In case of sub function response is updated only on the last iteration, resulting in 2 scraped pages instead of 4.
What is the correct way to implement the cycle so that variables are updated as intended?
Here's complete code if that helps(I use 4 defs instead of a cycle right now):
# -*- coding: utf-8 -*-
import scrapy
from random import randint
from time import sleep
BASE_URL = 'https://github.com'
class DiscoverSpider(scrapy.Spider):
name = 'discover_commits_new'
allowed_domains = ['github.com']
start_urls = ['https://github.com/search?utf8=%E2%9C%93&q=stars%3E100&ref=simplesearch']
def parse(self, response):
# Select all the project urls on page
project = BASE_URL + response.xpath('//h3/a[#class="v-align-middle"]/#href').extract_first()
yield response.follow(project, self.parse_project)
# Random wait, so GitHub doesn't ban me right away
sleep(randint(5,20))
# Follow to the next page when every project on this one is scraped
next_page = response.xpath('//a[#rel="next"]/#href').extract_first()
if next_page is not None:
next_page = BASE_URL + next_page
: yield response.follow(next_page, callback=self.parse)
# Parse the main page of the project
def parse_project(self, response):
yield {
'author': response.xpath('//a[#rel="author"]/text()').extract(),
'name': response.xpath('//strong/a/text()').extract(),
'tags': [x.strip() for x in response.css('.topic-tag::text').extract()],
'lang_name': response.css('.lang::text').extract(),
'lang_perc' : response.css('.percent::text').extract(),
'stars': response.css('.social-count::text').extract()[1].strip(),
'forks': response.css('.social-count::text').extract()[2].strip(),
'commits': response.css('.text-emphasized::text').extract()[0].strip(),
'contributors': response.css('.text-emphasized::text').extract()[3].strip()
}
commits_page = BASE_URL + response.xpath('//*[#class="commits"]//#href').extract_first()

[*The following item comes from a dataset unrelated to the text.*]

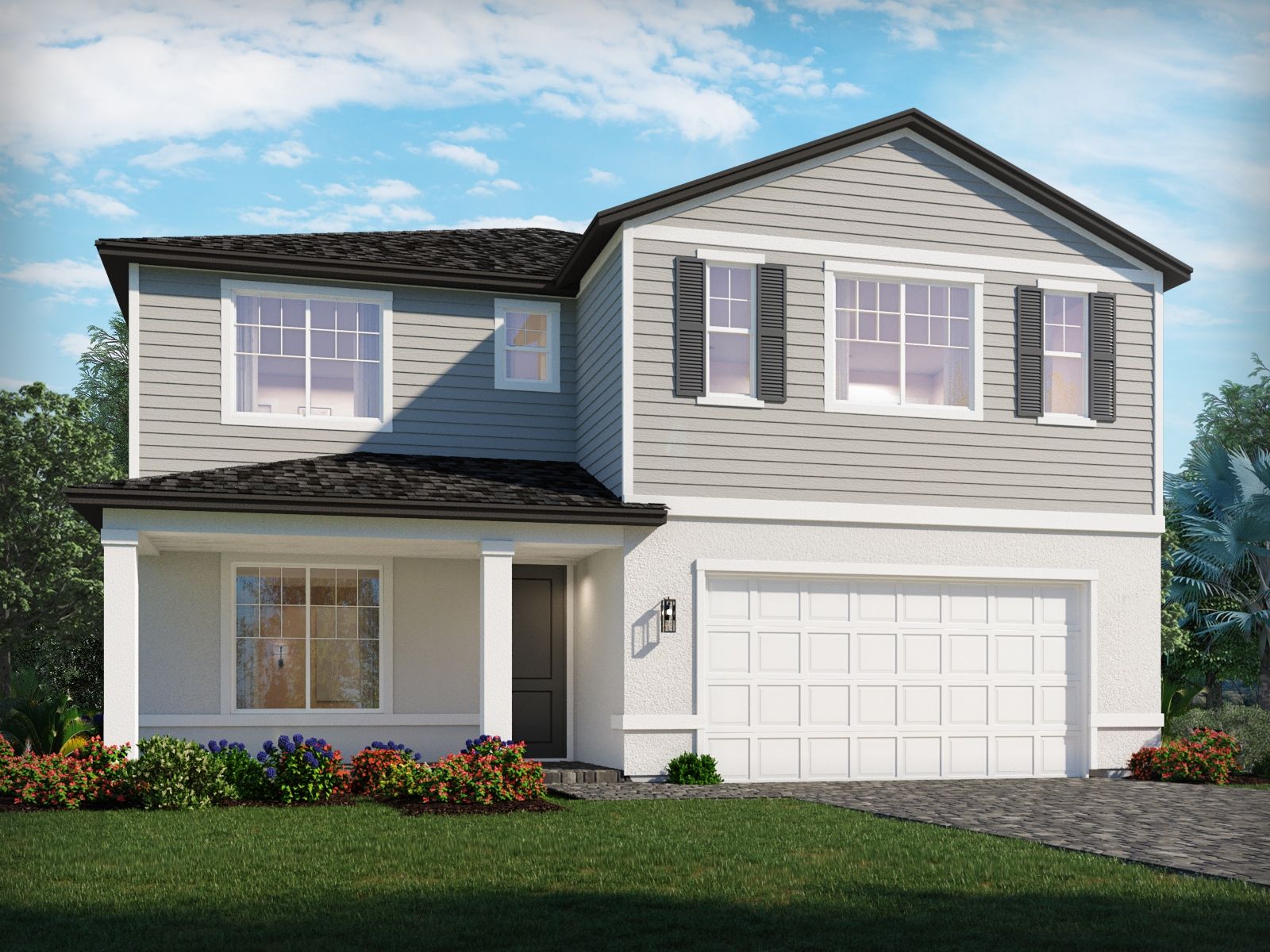 Floyd - Oaks at Lake Standish: Apopka, Florida - Meritage Homes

yield response.follow(commits_page, self.parse_commits_page)
# Get last commits
def parse_commits_page(self, response):
yield {
'author': response.xpath('//a[#rel="author"]/text()').extract(),
'name': response.xpath('//strong/a/text()').extract(),
'last_commits': response.xpath('//relative-time/text()').extract()
}
next_page = response.xpath('//a[#rel="nofollow"]/#href')[-1].extract()
yield response.follow(next_page, callback=self.parse_commits_page1)

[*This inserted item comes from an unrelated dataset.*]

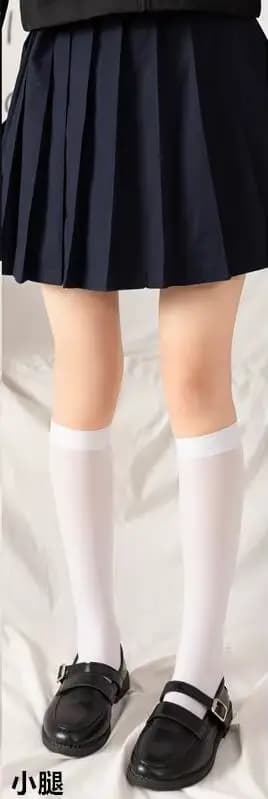 Chaussettes en velours pour fille, longueur au-dessus du genou, matière extensible, pour enfant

def parse_commits_page1(self, response):
yield {
'author': response.xpath('//a[#rel="author"]/text()').extract(),
'name': response.xpath('//strong/a/text()').extract(),
'last_commits': response.xpath('//relative-time/text()').extract()
}
next_page = response.xpath('//a[#rel="nofollow"]/#href')[-1].extract()
yield response.follow(next_page, callback=self.parse_commits_page2)
def parse_commits_page2(self, response):
yield {
'author': response.xpath('//a[#rel="author"]/text()').extract(),
'name': response.xpath('//strong/a/text()').extract(),
'last_commits': response.xpath('//relative-time/text()').extract()
}
next_page = response.xpath('//a[#rel="nofollow"]/#href')[-1].extract()
yield response.follow(next_page, callback=self.parse_commits_page3)
def parse_commits_page3(self, response):
yield {
'author': response.xpath('//a[#rel="author"]/text()').extract(),
'name': response.xpath('//strong/a/text()').extract(),
'last_commits': response.xpath('//relative-time/text()').extract()
}
Related
I am trying to scrape a website using python and scrapy but I have issues with saving the result.
error log i receive:
yield result = {
^
SyntaxError: invalid syntax
When i remove the "result = ", I don't get any error but the reason I am doing that is to save the result as a variable which I use at the last part of the code in "f.write(result)"
The code goes below:
import scrapy
class ExampleSpider(scrapy.Spider):
name = "ufcspider"
start_urls = [
'http://quotes.toscrape.com/page/1/',
]
def parse(self, response):
for quote in response.css('div.quote'):
yield result = {
'text': quote.css('span.text::text').get(),
'author': quote.css('small.author::text').get(),
'link': 'http://quotes.toscrape.com' + quote.css("span a::attr(href)").get(),
'tags': quote.css('div.tags a.tag::text').getall(),
}
next_page = response.css("li.next a::attr(href)").get()
if next_page is not None:
next_page = response.urljoin(next_page)
yield scrapy.Request(next_page, callable=self.parse)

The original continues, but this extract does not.